Brother Green founded the Cairo Literary Society, which afterward was know as the Cairo Village Improvement Society. This society did a splendid work among which was the notable achievement of laying most of the stone walks. The society ceased to exist in 1894.
In 1883 A. H. Haynes came to this charge, followed by W. A. Dalton, 1884-1885; G. W. Martin, 1885-1887; S. Merchant, 1888-1892; During Brother Merchant’s term of service Cairo again became a station; W. H. Peters, 1893; J. H. Lincoln, 1894-1898; U. G. Warren, 1899; James Dougles, 1900-1904; C. A. Dunn, 1905-1908; Lyle Robinson, 1909; A. Quick, 1910-1911, when again it became a circuit with Acra. Grant Robinson, 1912-1914; then Herbert D. Chase served only Cairo, from 1915-1916.
The following years, the circuit consisted of Cairo and South Cairo with Rev. Jon H. Fyfe, 1917-1919; John E. Parker, 1920-1926; Milton H. Ryan, 1927-1928; George A. Cole, 1929-1931; James A. Hurn, 1932-1935; John P. Fellows, 1936-1937; B. Chandler, 1938-1940; Donald P. Keil, 1941-1946.
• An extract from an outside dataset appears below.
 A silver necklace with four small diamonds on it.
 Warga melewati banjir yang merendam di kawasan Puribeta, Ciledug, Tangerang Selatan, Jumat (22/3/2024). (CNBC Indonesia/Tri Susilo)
Cairo then became a station with Donald P. Keil in 1947, when from 1948 to 1952 Samuel Art MacCormac has served the circuit of Cairo, Round Top and Acra.
Deed Turned Over
Oct. 26, 1952, William Freese, Senior elder of the Presbyterian Church, presented to John B. Earl, chairman of the Board of Trustees of the Methodist Church, the deed of the property of the Presbyterian Church of Cairo and the services of the United Church (Methodist) will from now on be conducted in the former Presbyterian Church.
It is estimated that since the organization of the church there has been expended for pastor’s salaries, purchase and repair of church property and various benevolences more than $150,000.
Memorial Windows: In memory of Orrin Slater, Polly Slater and Ester Slater; William and Phebe Tolley; Ambros L. and Harriet S. Walters; in memory of Frederick and Lydia A. Schermerhorn by their daughter Della; David T. and Effie Tolley Jerome; George and Sarah Jones Rivenburgh and son, Charles; John R. Greene, Eliza Byington Greene; William Emory Greene, Amanda Ross Greene; Reuben Greene; in memory of Rev. Levi Sand and Helen E. Moak.
There have been more gifts as well as time and money that have gone into the beautifying of the Methodist church of this village, and which show the love of the members and their friends for their churches.